#### Data provided
================================
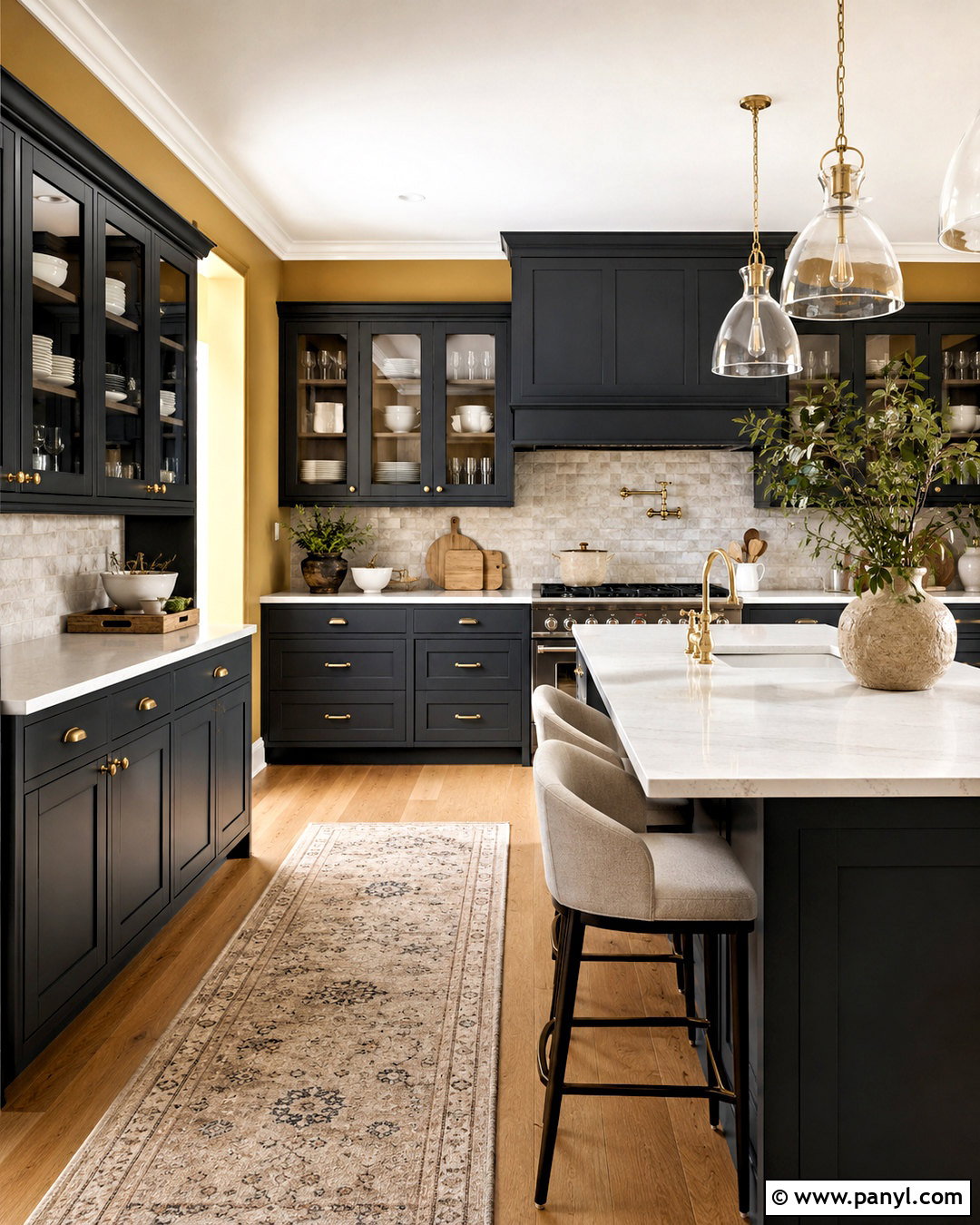 Charcoal Kitchen Cabinets With Yellow Walls - 20 What Color Kitchen Cabinets Go With Yellow Walls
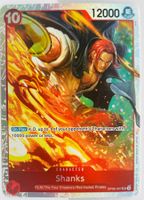 One Piece Shanks OP06-007 ENG SR Sammelkarte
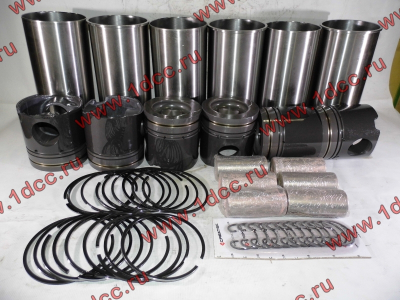 Поршневая группа WD618 (6 гильз, 6 поршней ...0017, 6 пальцев, комплект колец) CREATEK SH CREATEK WD618-SET/CK8004 фото 1 Бийск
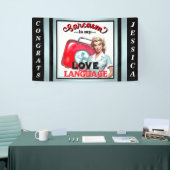 かわいいナースピンナップ_ラブランゲージ 横断幕 (トレードショー)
================================
#### What you will do
In your copy, restate the data above word for word but leave out any picture.

#### Result of the task
 Charcoal Kitchen Cabinets With Yellow Walls - 20 What Color Kitchen Cabinets Go With Yellow Walls
 One Piece Shanks OP06-007 ENG SR Sammelkarte
 Поршневая группа WD618 (6 гильз, 6 поршней ...0017, 6 пальцев, комплект колец) CREATEK SH CREATEK WD618-SET/CK8004 фото 1 Бийск
 かわいいナースピンナップ_ラブランゲージ 横断幕 (トレードショー)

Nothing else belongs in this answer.